- Directed by: Kiran Kumaru
- Written by: Sai Prasad
- Screenplay by: Sai Prasad
- Story by: Sai Prasad
- Produced by: Dhanalakshmi Cheluvaraayaswam Bhagya Sukhadhare
- Starring: Sachin Samskruthy Shenoy
- Cinematography: Suresh Jayakrishna
- Edited by: Cheluva Murthy
- Music by: V. Harikrishna
- Production company: Swarnambika Pictures
- Release date: 26 August 2016;
- Running time: 150minutes
- Country: India
- Language: Kannada

= Happy Birthday (2016 Indian film) =

Happy Birthday is a 2016 Indian Kannada language romantic action film written, directed and co-produced by Mahesh Sukhadhare. It stars Sachin, making his debut, and Samskruthy Shenoy in the lead roles along with guest appearances by actors Ambareesh and Srinagar Kitty. The music of the film is composed by V. Harikrishna whilst the cinematography is by Suresh Jayakrishna.
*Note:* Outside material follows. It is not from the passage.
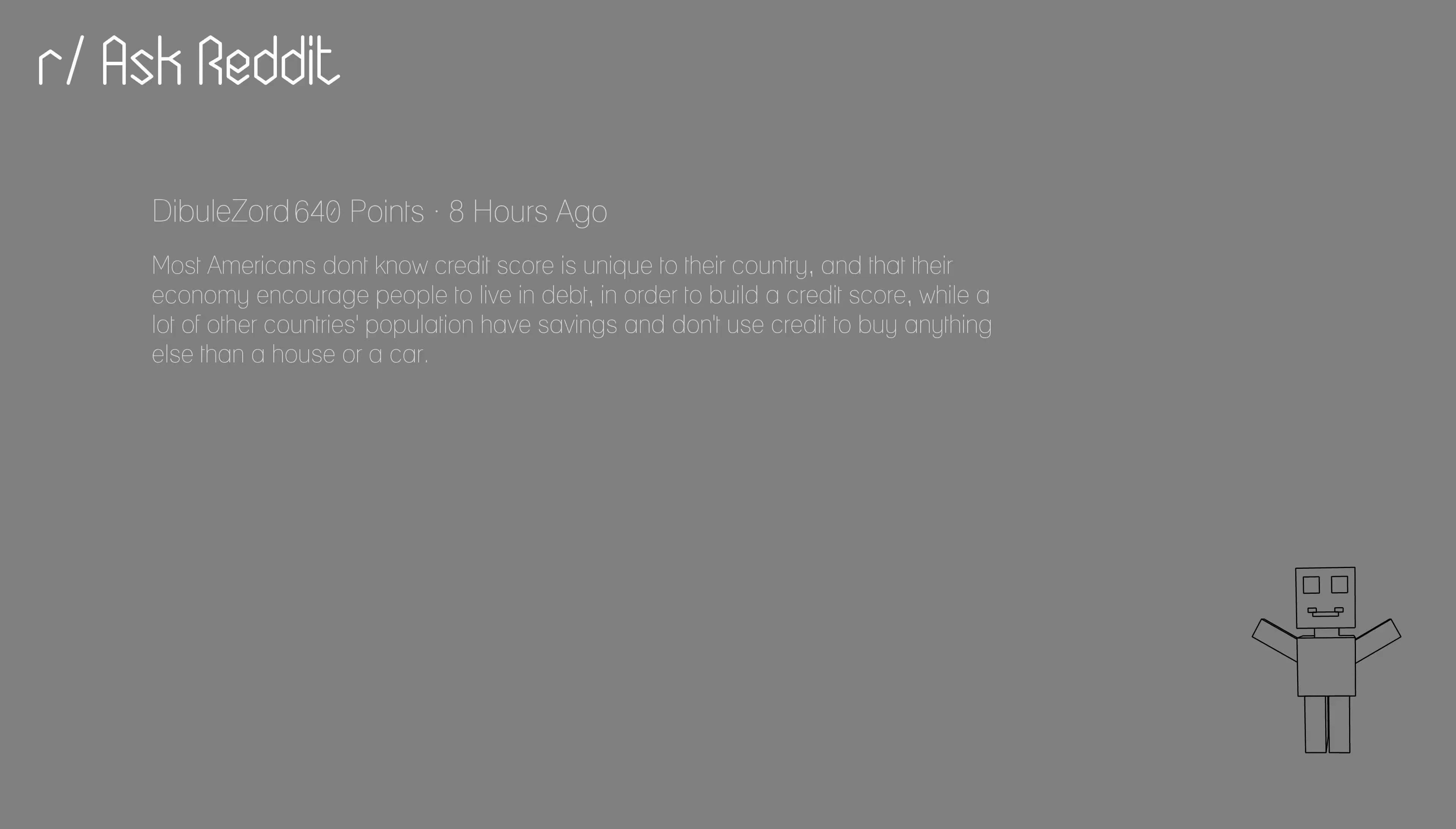Most Americans don't know credit score is unique to their country, and that their economy encourage people to live in debt, in order to build a credit score, while a lot of other countries' population have savings and don't use credit to buy anything else than a house or a car.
Principal photography for the film began in June 2015 by Sai Prasad and the shooting was held around Mandya district.

==Cast==

- Sachin
- Samskruthy Shenoy as Anjali
- Achyuth Kumar
- Ravi Kale
- Ninasam Ashwath
- Prashanth Siddi
- Rajesh Nataranga
- Aruna Balraj
- Ashwini
- Sadhu Kokila
- Chikkanna
- Bullet Prakash
- H. G. Dattatreya
- Sanjay
- Harish Jayakrishna
- B Shilpa
- Disha Gowda
- Neethushree
- Ambareesh in a guest appearance
- Srinagar Kitty in a guest appearance

==Soundtrack==

V. Harikrishna has composed the film's background score and music for its soundtrack. The audio was officially launched by actor Yash. The event was attended by many celebrities from the cinema industry and political parties. It was held on 23 July 2016 at Sir M. Vishweshwaraiah grounds in Mandya.

Tracklist
| No. | Title | Lyrics | Singer(s) | Length |
|---|---|---|---|---|
| 1. | "Hogume Hogume" | V. Nagendra Prasad | Naveen Sajju |  |
| 2. | "Prathi Mounavu" | K. Kalyan | Sonu Nigam |  |
| 3. | "Kaagegyaak Kankappu" | Krishne Gowda | Vijay Prakash |  |
| 4. | "Neenagi Helalilla" | K. Kalyan | Vani Harikrishna |  |
| 5. | "Yen Varase" | V. Nagendra Prasad | Vani Harikrishna |  |

== Reception ==
=== Critical response ===

Shyam Prasad S of Bangalore Mirror scored the film at 3.5 out of 5 stars and wrote "At least two songs are blockbuster material. Aerial shots stop being impressive after a point due to excessive use of drones. The phrase, Happy Birthday, has a completely different meaning in some parts of rural Karnataka. If you don’t know what it is and are curious, the film may well provide you with more than the entertainment you asked for." Sunayana Suresh of The Times of India scored the film at 3 out of 5 stars and wrote "One of the highlights of the film is the Hogume song, which lingers on even after you've left the cinema hall. This film will work for audience that love their masala fare, replete with action, unpalatable comedy, romance and a fair share of melodrama too."The Hindu wrote "The dialogues are set in the dialect of the region. With a stiff body language, Sachin can barely act or emote. Samskruthi saves the film partially with her performance. Achyuth Kumar and Rajesh Nataranga do what they can within their roles."